La película arranca con Javier (Santiago Segura) como un organizado padre de familia numerosa, pero, cada uno de sus cuatro hijos se rebelan a su particular manera: la adolescente Sara (Martina Valeria de Antioquía) está conociendo a su primer amor, Carlota (Calma Segura) continúa con su ecologismo,  Rocío (Luna Fulgencio) quiere ser andaluza y flamenca, Dani (Carlos González Morollón) es un fracaso en fútbol y ballet y la pequeña Paula (Sirena Segura) quiere un perro.

Para colmo, todo se pondrá aún más patas arriba cuando Marisa (Toni Acosta) vuelve a quedarse embarazada y recurra (ante el abandono de Rosaura) a la ayuda de la suegra Milagros (Loles León), para desgracia y desconcierto de Javier.

Toda esta disparatada situación se desarrollará en una sucesión de gag cómicos uno tras otro, en aproximadamente una hora y media de metraje: humor ligero y fácil, para todos los públicos, alejado del tono irreverente de Torrente.

Además, como acostumbra Segura, tenemos un reparto completado por cameos de caras conocidas, como Silvia Abril , José Mota, Leo Harlem o Nuria Fergó.

A nivel de guión, la trama es simpática pero intrascendente, con el personaje de Santiago Segura afrontando los problemas del día a día de todo padre, sacando las risas de situaciones surrealistas pero cotidianas, resultando entretenida sin más y apta para los fans de la primera película.

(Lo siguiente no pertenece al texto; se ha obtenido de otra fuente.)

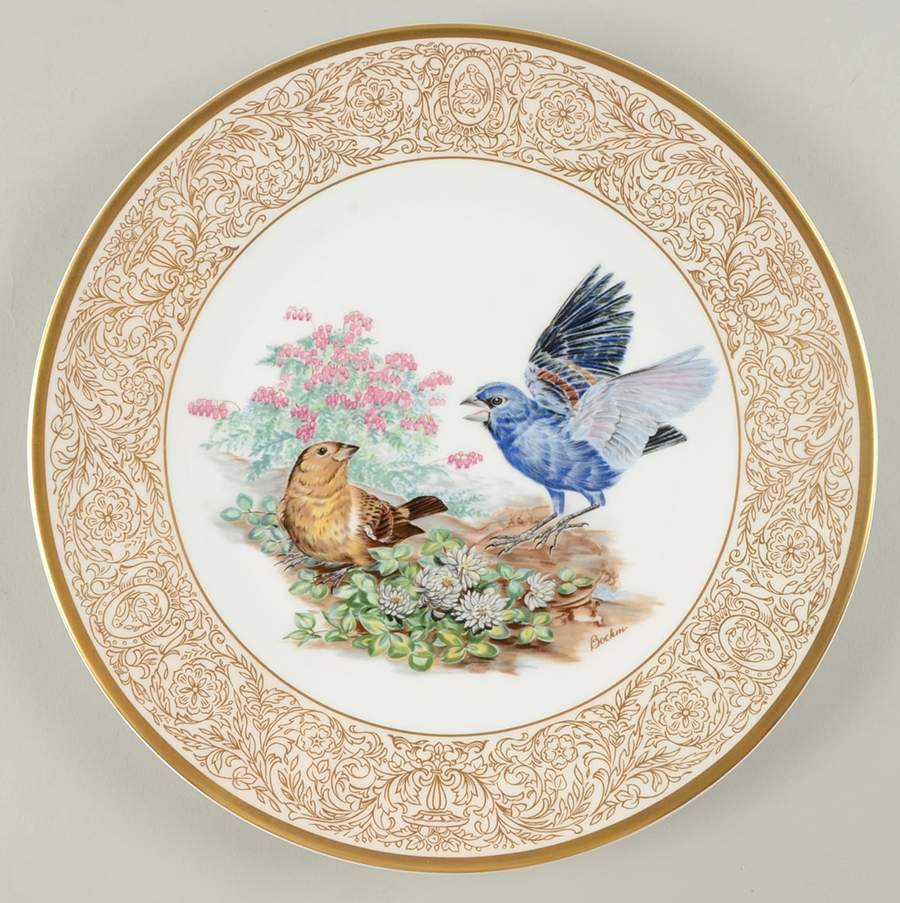 Woodland Birds of America Blue Grosbeak-Gold Border - Boxed by Boehm-1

Con respecto a las interpretaciones, Santiago Segura roza el esperpento haciendo de si mismo, lo que le viene mucho mejor para encarnar a Torrente que a un personaje más normal como Javier, sin tanto histrionismo en medio del caos de sus hijos.

El apartado cómico recae en gran parte sobre el personaje de Loles León, una suegra llena de botox, irónica y mordaz, que llega para fastidiar a Javier y protagoniza con él sus mejores escenas. Los papeles de los pequeños, menos el de Luna Fulgencio, son más planos.

Padre no hay más que uno 2 es, con menos frescura, todo el arquetipo de comedia familiar española, y da y aporta justo lo que se espera de ella, menos con una pequeña sorpresa al final que sacará una sonrisa a los espectadores. La gracia de sus chistes y cameos es lo medianamente tolerable para una sesión de cine en familia.